KidSnide's provided a good rundown. Personally, here's a couple of the ones I use most often:
Themes. Choosing, for instance, to stock a dungeon with critters that are all thematically related and omitting anything that, while logical, is more distracting from the overall motif. For example, the choice not to use ice toads in a Viking-themed frozen north game; although they're a viable mechanical choice, it's not terribly Norse to fight giant amphibians.
Dramatic pacing. Setting up adventures so that you start with minions and outriders, the tension builds as you fight more and more dangerous foes, and finally having a big dramatic conflict at the end. To use examples from as far back as AD&D, the GDQ series and A1-4 are good examples of dramatic pacing: the hill giants lead to the frost giants, who lead to the fire giants, and then you're in the Underdark, and it all culminates in a climactic battle against a demon queen.
That is the case in the non-storytelling game.
This will happen a fair amount. The definition of a storytelling game is not "the diametric opposite of a non-storytelling game." You will see elements common to both: dice, character sheets, orcs. I'd guess there are very few RPGs out there that use no storytelling techniques whatsoever. The most telling distinction is that storytelling games make more active and conscious use of them.

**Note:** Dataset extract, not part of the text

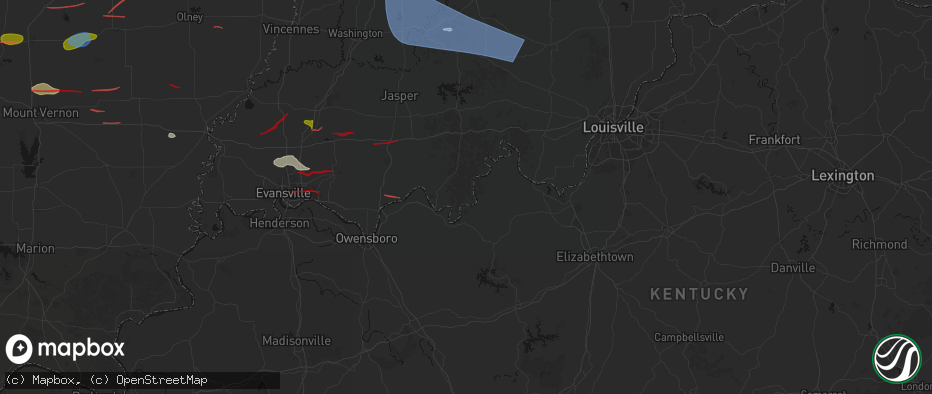 Hail map in Rome, IN on June 21, 2026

Well, as a matter of fact some prior concept of "the story" is necessary in order to "guide" anything toward it and away from something else. You've got to know the way to San Jose before you can choose it on that basis! Otherwise, you're right back to the old "non-storytelling" game in which whatever happens is -- after the fact -- identified as "the story". The arrow of time and causality here is a fact of life.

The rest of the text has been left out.